WHAT YOU HAVE TO DO: Look in the material below for the line with "Oregon Sugar Pod" and the line with "Screenshot 2023-05-21 at 08.04.38", then set down exactly those two lines and all lines between, nothing more.

INFORMATION GIVEN:

========================================================================

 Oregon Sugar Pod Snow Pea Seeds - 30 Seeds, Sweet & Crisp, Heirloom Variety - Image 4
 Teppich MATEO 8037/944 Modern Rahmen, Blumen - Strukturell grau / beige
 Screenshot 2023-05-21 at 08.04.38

========================================================================

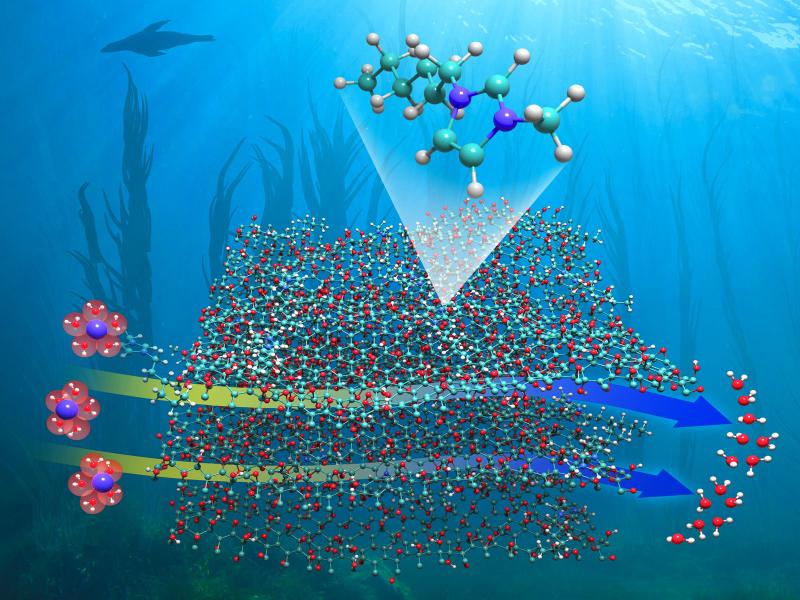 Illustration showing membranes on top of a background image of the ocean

========================================================================

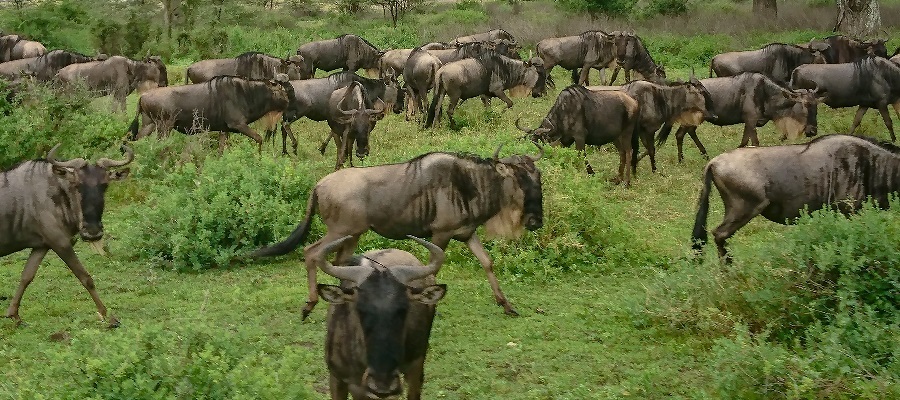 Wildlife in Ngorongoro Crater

========================================================================

EXERCISE SOLUTION:
 Oregon Sugar Pod Snow Pea Seeds - 30 Seeds, Sweet & Crisp, Heirloom Variety - Image 4
 Teppich MATEO 8037/944 Modern Rahmen, Blumen - Strukturell grau / beige
 Screenshot 2023-05-21 at 08.04.38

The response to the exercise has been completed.